DOI: 10.1007/s11771-016-3347-y

Fragmentation mechanism of low-grade hematite ore in a high pressure grinding roll

YUAN Zhi-tao(袁致涛)¹, LI Li-xia(李丽匣)¹, HAN Yue-xin(韩跃新)¹, LIU Lei(刘磊)², LIU Ting(刘廷)¹

1. School of Resources and Civil Engineering, Northeastern University, Shenyang 110819, China;

2. Zhenzhou Institute of Multipurpose Utilization of Mineral Resources,Chinese Academy of Geological Sciences (CGS), Zhengzhou 450006, China

Central South University Press and Springer-Verlag Berlin Heidelberg 2016

Abstract: The fragmentation mechanism of low-grade hematite ore in a high pressure grinding roll (HPGR) was studied based on the characteristics of comminuted products at different specific pressure levels. The major properties included the reduction ratio, liberation, specific surface energy, and specific surface area. The results showed that the fracture of low-grade hematite ore in HPGR was an interactive dynamic process in which the interaction between coarse particles of gangue minerals and fine particles of valuable minerals was alternately continuous with increased compactness and compacting strength of materials. Within a range of 2.8–4.4 N/mm², valuable minerals were crushed after preferentially absorbing energy, whereas gangue minerals were not completely crushed and only acted as an energy transfer medium. Within a range of 4.4–5.2 N/mm², gangue minerals were adequately crushed after absorbing the remaining energy, whereas preferentially crushed valuable minerals acted as an energy transfer medium. Within a range of 5.2–6.0 N/mm² range, the low-grade hematite ore was not further comminuted because of the “size effect” on the strength of materials, and the comminution effect of materials became stable.

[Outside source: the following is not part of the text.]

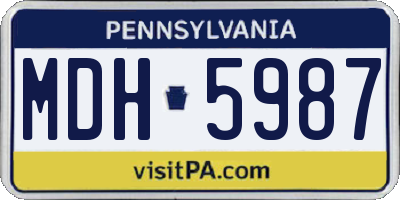 PA license plate MDH5987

Key words: high pressure grinding roll; hematite; specific pressure; fragmentation mechanism

1 Introduction

The first high pressure grinding roll (HPGR) was successfully used in the cement industry in 1985. Since then, HPGRs have been extensively applied in various fields because of their low specific energy, low steel consumption, high capacity, and high reduction ratio [1-2]. The mode of fragmentation in HPGR is confined particle bed comminution, and the particles themselves act as the stress transfer medium. When the particle beds are compacted, the high interparticle stresses generated by multipoint contacts between neighboring particles lead to the fragmentation or deformation of the particles. As a result, HPGR produces a wider particle size distribution with more fine-particles produced compared with a tertiary crusher (e.g., cone crusher). Materials in HPGRs undergo three interactive dynamic stages, namely, compacting, laminated comminuting in particle beds, and particle bed expanding [3-4].

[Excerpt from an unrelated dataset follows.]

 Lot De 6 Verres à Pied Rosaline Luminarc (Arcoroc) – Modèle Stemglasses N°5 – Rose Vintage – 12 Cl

In the compacting stage, materials entering the space between rolls are subjected to a downward acceleration to reach the rolls speed and are gradually compacted as a consequence of the narrowing gap between the rolls. Consequently, particle contact transition changes from point-to-point contact to multipoint contact. Thus, some particles are crushed firstly in conventional crushing way, and a certain amount of particle rearranging occurs, filling the interparticle voids and increasing compactness of materials (from 10% to 45%) [5]. In the next stage, the as-crushed materials move into the compression zone where further compaction (may reach 85%) [5] and laminated comminutions in particle beds occur due to the high pressure. The interaction stress produced by multipoint contacts between neighboring particles acts on all particles passing the compression zone and results in the comminuting of most particles.

The compressive force is then quickly reduced to zero in the release zone, and material comminution comes into the third stage, i.e., the stage of particle bed expanding. As the compressive force suddenly drops, the compacted particle bed expands because of the release of normal pressure against them. Based on the description about the three comminuting stages in HPGRs, it can be concluded that the main effect on laminated comminution in particle bed is not the gap between rolls but the interaction stress between particles in the compacted particle bed, indicating that the product size distribution is determined not by the roll gap but by the compressive force which generates the interaction stresses.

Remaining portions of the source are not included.